Kupując tego polara, kierowałem się opiniami ludzi z forum że BW będzie najlepszy. Fitr kosztował niemało przynajmniej jak na moją kieszeń a tutaj takie coś.
Filtr jest na gwarancji, czy takie zagłębienie jest podstawą, żeby skorzystać z gwarancji i wymagać wymiany na sprzęt wolny od wad?
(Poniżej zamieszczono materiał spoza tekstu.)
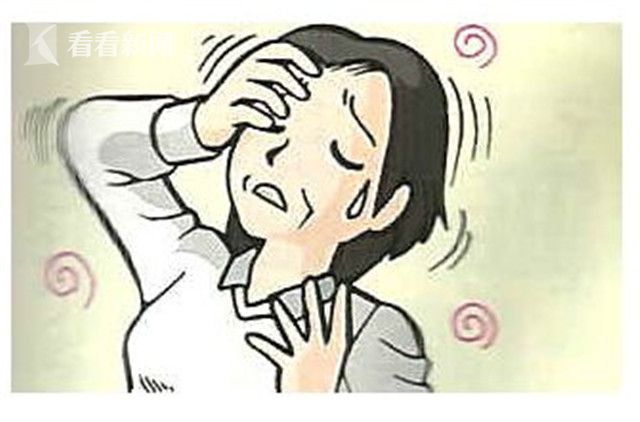 22岁姑娘突发头痛 脑出血正逼近年轻人|脑出血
No chyba że jest to narmalne w tego typu filtrach.
-
Ja miałem kiedyś mały odprysk na konwerterze, który powstał po pewnym czasie. Był naszczęście na gwarancji i mi wymienili na nowy. Więc warto spróbować.
-
Ale odjazd:lol: , jasne, że reklamować. Filtr to szybka za 400 zeta. Ma być nienaganna, bo o to tylko chodzi, by nie wprowadzał destrukcji obrazu. Takie coś, to...., no już dobrze. W każdym razie reklamować!
-
dzięki za podniesienie ducha, jutro kontaktuje się ze sprzedawcą i poinformuje go jak sprawy się mają.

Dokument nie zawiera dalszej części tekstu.